[Working data]
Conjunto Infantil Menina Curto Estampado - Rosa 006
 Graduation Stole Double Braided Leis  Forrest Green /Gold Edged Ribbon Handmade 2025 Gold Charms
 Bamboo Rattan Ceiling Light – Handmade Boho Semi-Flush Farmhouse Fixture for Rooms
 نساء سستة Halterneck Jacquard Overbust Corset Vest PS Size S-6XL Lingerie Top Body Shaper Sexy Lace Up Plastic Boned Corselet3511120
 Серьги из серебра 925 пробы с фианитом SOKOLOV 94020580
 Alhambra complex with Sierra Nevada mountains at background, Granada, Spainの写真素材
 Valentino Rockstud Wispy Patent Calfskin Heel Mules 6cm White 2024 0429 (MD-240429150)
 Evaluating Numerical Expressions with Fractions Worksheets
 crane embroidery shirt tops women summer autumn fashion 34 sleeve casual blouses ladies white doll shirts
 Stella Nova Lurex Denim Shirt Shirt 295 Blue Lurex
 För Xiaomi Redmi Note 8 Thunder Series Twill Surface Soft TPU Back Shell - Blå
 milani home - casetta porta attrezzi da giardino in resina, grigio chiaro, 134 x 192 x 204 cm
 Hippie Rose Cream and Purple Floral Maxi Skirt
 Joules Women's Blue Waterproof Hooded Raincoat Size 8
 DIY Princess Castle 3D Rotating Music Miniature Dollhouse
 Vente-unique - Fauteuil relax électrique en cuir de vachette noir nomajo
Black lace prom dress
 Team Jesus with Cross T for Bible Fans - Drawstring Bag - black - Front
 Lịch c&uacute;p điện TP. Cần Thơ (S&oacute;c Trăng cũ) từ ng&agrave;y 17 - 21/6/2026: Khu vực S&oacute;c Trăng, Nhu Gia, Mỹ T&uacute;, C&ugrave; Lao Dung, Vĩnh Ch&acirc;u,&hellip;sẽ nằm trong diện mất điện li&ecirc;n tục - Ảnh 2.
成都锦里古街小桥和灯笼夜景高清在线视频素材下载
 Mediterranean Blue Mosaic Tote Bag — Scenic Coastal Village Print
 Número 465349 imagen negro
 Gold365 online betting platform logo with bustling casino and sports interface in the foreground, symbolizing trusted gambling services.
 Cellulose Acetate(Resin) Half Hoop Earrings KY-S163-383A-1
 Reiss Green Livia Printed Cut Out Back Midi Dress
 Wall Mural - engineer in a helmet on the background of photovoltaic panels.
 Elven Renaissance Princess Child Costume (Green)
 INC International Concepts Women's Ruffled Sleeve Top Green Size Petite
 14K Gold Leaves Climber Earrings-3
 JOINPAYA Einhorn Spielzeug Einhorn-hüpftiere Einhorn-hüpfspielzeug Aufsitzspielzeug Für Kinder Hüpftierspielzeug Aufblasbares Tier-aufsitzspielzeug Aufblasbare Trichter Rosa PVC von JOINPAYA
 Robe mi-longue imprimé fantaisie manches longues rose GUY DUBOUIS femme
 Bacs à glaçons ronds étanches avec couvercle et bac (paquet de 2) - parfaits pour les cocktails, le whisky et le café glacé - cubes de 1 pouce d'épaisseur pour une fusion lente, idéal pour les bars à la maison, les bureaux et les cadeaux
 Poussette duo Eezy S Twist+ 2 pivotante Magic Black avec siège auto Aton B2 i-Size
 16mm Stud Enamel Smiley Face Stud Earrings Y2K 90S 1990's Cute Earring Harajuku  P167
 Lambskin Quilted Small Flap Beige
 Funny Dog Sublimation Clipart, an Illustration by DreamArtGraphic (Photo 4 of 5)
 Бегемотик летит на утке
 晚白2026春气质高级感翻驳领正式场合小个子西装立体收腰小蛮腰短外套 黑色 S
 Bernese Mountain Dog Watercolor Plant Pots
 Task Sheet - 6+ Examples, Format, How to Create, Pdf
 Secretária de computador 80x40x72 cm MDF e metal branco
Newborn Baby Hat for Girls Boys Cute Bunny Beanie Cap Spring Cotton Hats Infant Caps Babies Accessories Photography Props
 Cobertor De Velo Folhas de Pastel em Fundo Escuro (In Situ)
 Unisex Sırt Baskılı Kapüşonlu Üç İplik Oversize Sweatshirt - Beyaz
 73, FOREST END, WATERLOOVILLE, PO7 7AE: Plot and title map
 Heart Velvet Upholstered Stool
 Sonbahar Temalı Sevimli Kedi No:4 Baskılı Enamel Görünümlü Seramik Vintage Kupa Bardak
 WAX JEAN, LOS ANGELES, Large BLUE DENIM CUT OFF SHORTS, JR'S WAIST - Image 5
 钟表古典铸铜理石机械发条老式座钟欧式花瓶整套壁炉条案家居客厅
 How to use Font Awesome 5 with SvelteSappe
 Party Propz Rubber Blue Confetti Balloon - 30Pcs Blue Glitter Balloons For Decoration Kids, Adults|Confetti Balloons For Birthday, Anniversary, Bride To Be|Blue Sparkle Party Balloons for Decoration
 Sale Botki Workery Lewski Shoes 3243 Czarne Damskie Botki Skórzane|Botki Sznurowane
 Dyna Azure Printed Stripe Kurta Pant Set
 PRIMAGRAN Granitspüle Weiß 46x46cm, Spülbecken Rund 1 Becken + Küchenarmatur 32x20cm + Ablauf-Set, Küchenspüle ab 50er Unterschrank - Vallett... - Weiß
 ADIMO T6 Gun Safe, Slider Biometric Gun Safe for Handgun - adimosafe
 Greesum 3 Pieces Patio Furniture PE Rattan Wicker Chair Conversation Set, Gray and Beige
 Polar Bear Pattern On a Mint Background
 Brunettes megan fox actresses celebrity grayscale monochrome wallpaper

[Description of the task] Using the listing above, copy exactly the line that contains "Reiss Green Livia", the line that contains "How to use Font Awesome 5 with SvelteSappe", and each line that falls between them.

[Result of this exercise]
 Reiss Green Livia Printed Cut Out Back Midi Dress
 Wall Mural - engineer in a helmet on the background of photovoltaic panels.
 Elven Renaissance Princess Child Costume (Green)
 INC International Concepts Women's Ruffled Sleeve Top Green Size Petite
 14K Gold Leaves Climber Earrings-3
 JOINPAYA Einhorn Spielzeug Einhorn-hüpftiere Einhorn-hüpfspielzeug Aufsitzspielzeug Für Kinder Hüpftierspielzeug Aufblasbares Tier-aufsitzspielzeug Aufblasbare Trichter Rosa PVC von JOINPAYA
 Robe mi-longue imprimé fantaisie manches longues rose GUY DUBOUIS femme
 Bacs à glaçons ronds étanches avec couvercle et bac (paquet de 2) - parfaits pour les cocktails, le whisky et le café glacé - cubes de 1 pouce d'épaisseur pour une fusion lente, idéal pour les bars à la maison, les bureaux et les cadeaux
 Poussette duo Eezy S Twist+ 2 pivotante Magic Black avec siège auto Aton B2 i-Size
 16mm Stud Enamel Smiley Face Stud Earrings Y2K 90S 1990's Cute Earring Harajuku  P167
 Lambskin Quilted Small Flap Beige
 Funny Dog Sublimation Clipart, an Illustration by DreamArtGraphic (Photo 4 of 5)
 Бегемотик летит на утке
 晚白2026春气质高级感翻驳领正式场合小个子西装立体收腰小蛮腰短外套 黑色 S
 Bernese Mountain Dog Watercolor Plant Pots
 Task Sheet - 6+ Examples, Format, How to Create, Pdf
 Secretária de computador 80x40x72 cm MDF e metal branco
Newborn Baby Hat for Girls Boys Cute Bunny Beanie Cap Spring Cotton Hats Infant Caps Babies Accessories Photography Props
 Cobertor De Velo Folhas de Pastel em Fundo Escuro (In Situ)
 Unisex Sırt Baskılı Kapüşonlu Üç İplik Oversize Sweatshirt - Beyaz
 73, FOREST END, WATERLOOVILLE, PO7 7AE: Plot and title map
 Heart Velvet Upholstered Stool
 Sonbahar Temalı Sevimli Kedi No:4 Baskılı Enamel Görünümlü Seramik Vintage Kupa Bardak
 WAX JEAN, LOS ANGELES, Large BLUE DENIM CUT OFF SHORTS, JR'S WAIST - Image 5
 钟表古典铸铜理石机械发条老式座钟欧式花瓶整套壁炉条案家居客厅
 How to use Font Awesome 5 with SvelteSappe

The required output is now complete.